Secure Plugin Systems
The Problem
Many platforms need extensibility. Users want to add custom processing logic, integrations, and business rules without modifying the core platform. The traditional approach is to offer a plugin API: load user code as a shared library, a scripted extension, or an embedded interpreter.
Each approach carries risks. Shared libraries (C/C++ plugins, Rust dylibs) execute in the same address space as the host — a bug in a plugin can corrupt host memory, and a malicious plugin can access any host resource. Scripted extensions (Lua, JavaScript) provide better isolation but often with limited performance and limited type safety. Docker-based plugin execution provides strong isolation but introduces container orchestration overhead, cold-start latency, and complex lifecycle management.

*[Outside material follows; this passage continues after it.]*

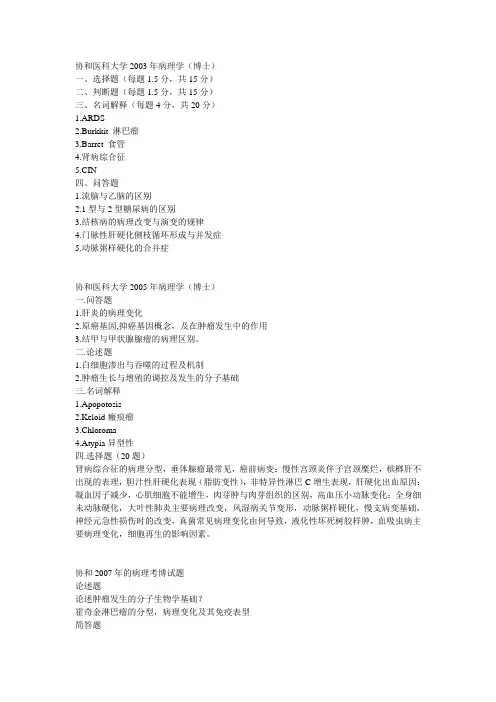 协和医科大学2003,05,07年病理学(博士)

The fundamental tension is between performance (in-process speed), safety (isolation from the host), and governance (knowing exactly what a plugin can do).
How Torvyn Solves It
Torvyn resolves this tension through the WebAssembly Component Model’s sandboxing combined with an explicit capability system.

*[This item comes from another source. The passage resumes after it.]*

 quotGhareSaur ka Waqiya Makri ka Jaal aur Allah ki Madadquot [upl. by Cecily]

In-process speed, out-of-process safety. Plugin components are compiled to WebAssembly and execute within the Torvyn host process, avoiding the overhead of inter-process communication or container startup. But each component runs in its own linear memory space, enforced by the Wasm sandbox. A plugin cannot read host memory, another plugin’s memory, or any resource it has not been explicitly granted access to.
Deny-all default. Every capability — filesystem access, network access, system clocks, random number generation — is denied unless explicitly granted in the pipeline configuration. The component manifest declares what the plugin needs. The operator decides what to grant. The host enforces the grant at runtime.
Auditable permissions. Operators can inspect the capability manifest of every deployed component. torvyn link validates that capability grants satisfy each component’s requirements. Audit events record every capability exercise at runtime. Security teams can review exactly what each plugin is authorized to do and verify that it has not exceeded its grants.
Safe multi-tenant execution. Multiple plugins from different tenants can run in the same Torvyn host process with resource isolation. Memory budgets, CPU fuel limits, and queue capacity constraints prevent any single plugin from monopolizing shared resources.
Contract-governed interfaces. Plugins interact with the host platform through typed WIT contracts. The interface a plugin can use is defined and versioned. Breaking changes to the plugin API are caught at link time, not at runtime. Plugin authors get stable, documented, type-safe interfaces.
Example Architecture
Platform Event Bus → [Plugin A: Custom Validator] → [Plugin B: Enrichment from External API] → Platform Core
Plugin A and Plugin B are third-party Wasm components. Each runs in its own sandbox with its own capability grants. Plugin A is granted no capabilities (it operates only on the event data it receives). Plugin B is granted network egress to a specific API endpoint. Neither plugin can access the host filesystem, the platform’s internal state, or each other’s data.
Performance Characteristics
Torvyn’s component-to-component boundary overhead adds single-digit microsecond latency per invocation, as measured by the reactor’s per-element overhead target (< 5us). For plugin systems where plugins perform meaningful computation (parsing, validation, transformation, API calls), the boundary overhead is negligible compared to the plugin’s own execution time.
The security enforcement (capability checking, resource budget tracking, audit event emission) is designed to operate within the reactor’s per-element overhead budget. Security is not an opt-in feature with a performance cost — it is always active.